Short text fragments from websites
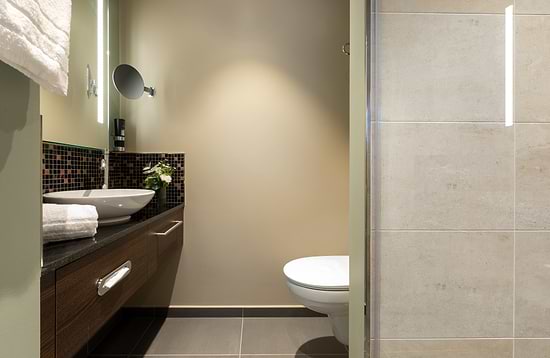 Leonardo Hotel Dortmund - Badezimmer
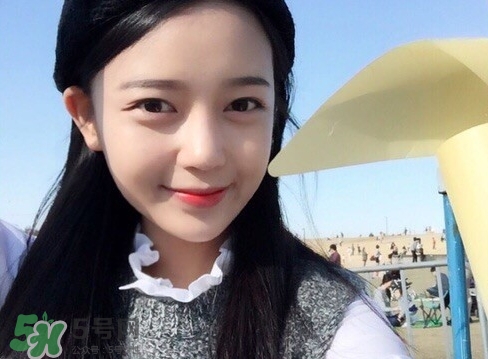 秋天喉嚨干燥是怎么回事_秋天喉嚨干燥怎么辦 秋天喉嚨干燥是怎么回事_秋天喉嚨干燥怎么辦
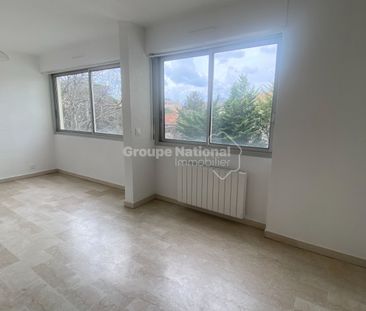 NIMES - PROCHE CENTRE-VILLE, - Photo 2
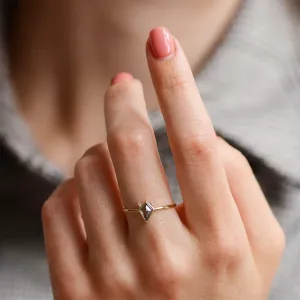 Kite salt and pepper diamond with side diamonds CATKIN Thumbnail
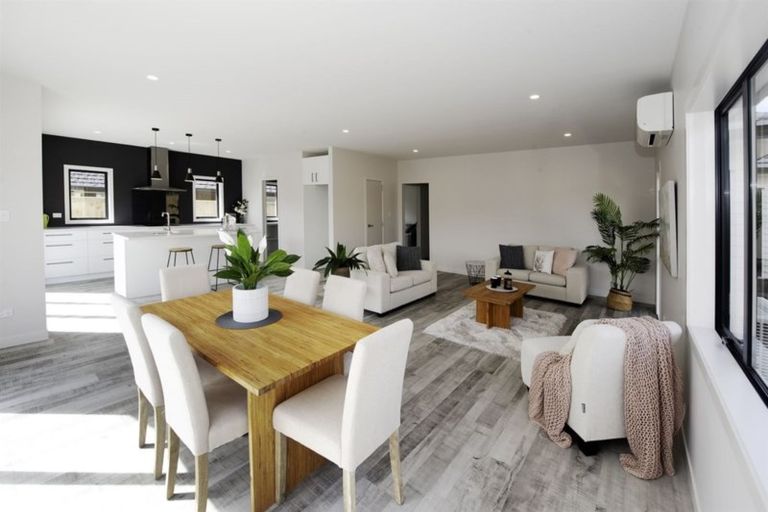 Photo of property in 17 Papa Orchard Drive, Kumeu, 0810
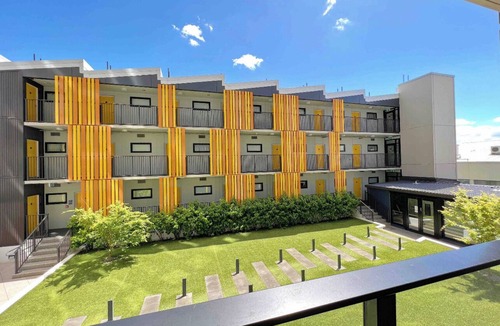 Newton House | Compact but have'em all 1-bedroom studio in CBD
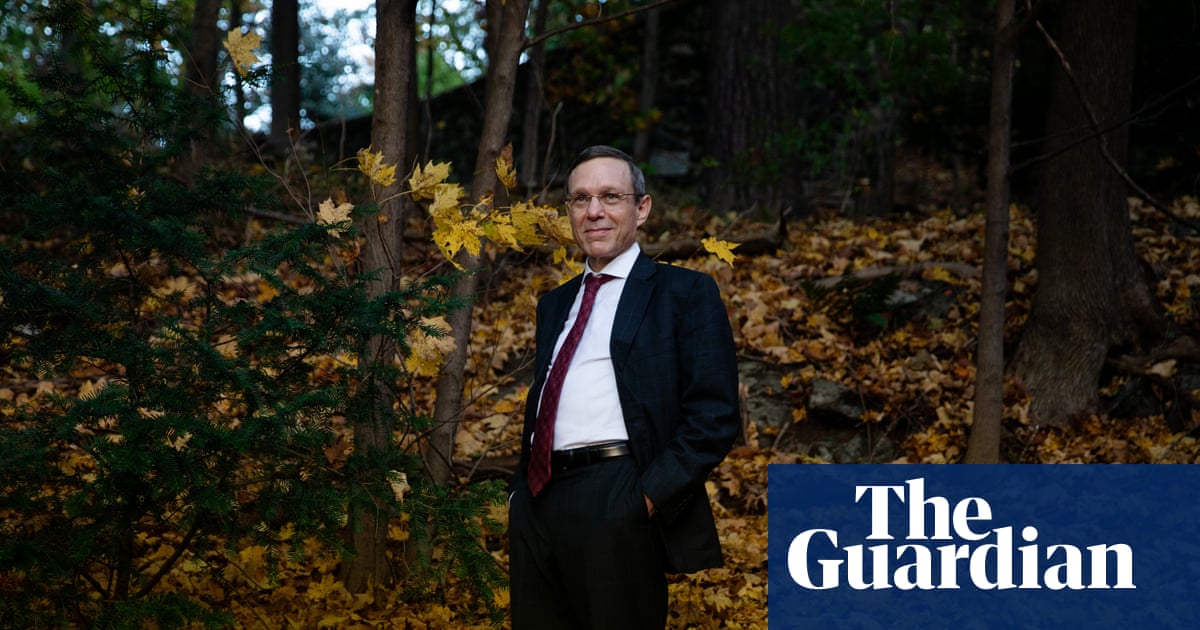 The Harvard astronomer dubbed Trump’s chief alien hunter starts by assuming UFOs human-made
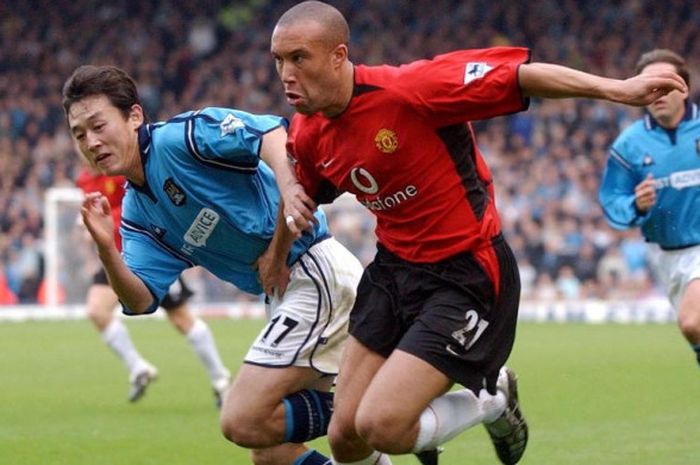 Aksi Mikael Silvestre (kanan) saat Manchester United hadapi Manchester City dalam partai Liga Inggris di Maine Road, Manchester, 9 November 2002.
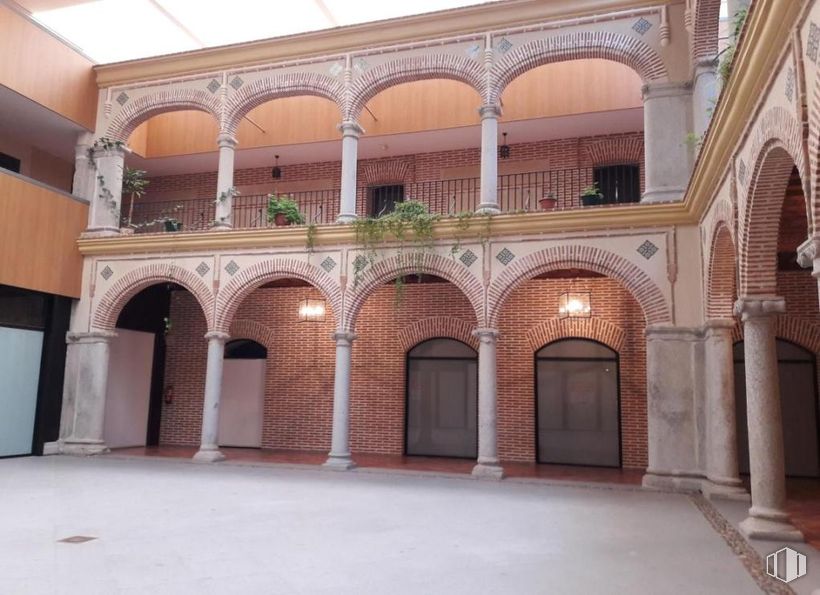 Oficina en venta en Plaza San Andrés, Arévalo, Ávila, 05200 con puerta, lámpara, arco, columna, arcade, albañilería, moldeo, simetría, hacienda y patio alrededor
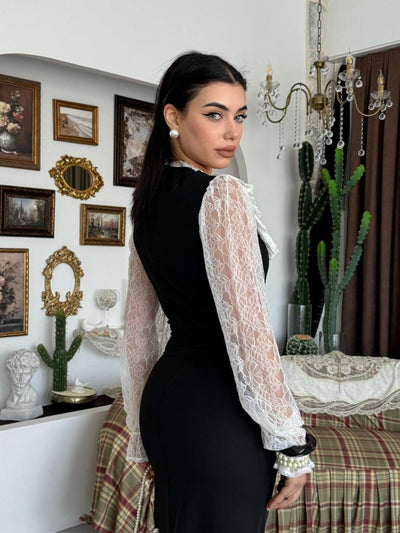 Rochie detaliată cu broșă tip sosetă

■ EXERCISE DETAILS: Reproduce the entries exactly, from the line with "Kite salt and" to the line with "The Harvard astronomer", both lines included, keeping no pictures.

■ SOLUTION TO THE PROBLEM:
 Kite salt and pepper diamond with side diamonds CATKIN Thumbnail
 Photo of property in 17 Papa Orchard Drive, Kumeu, 0810
 Newton House | Compact but have'em all 1-bedroom studio in CBD
 The Harvard astronomer dubbed Trump’s chief alien hunter starts by assuming UFOs human-made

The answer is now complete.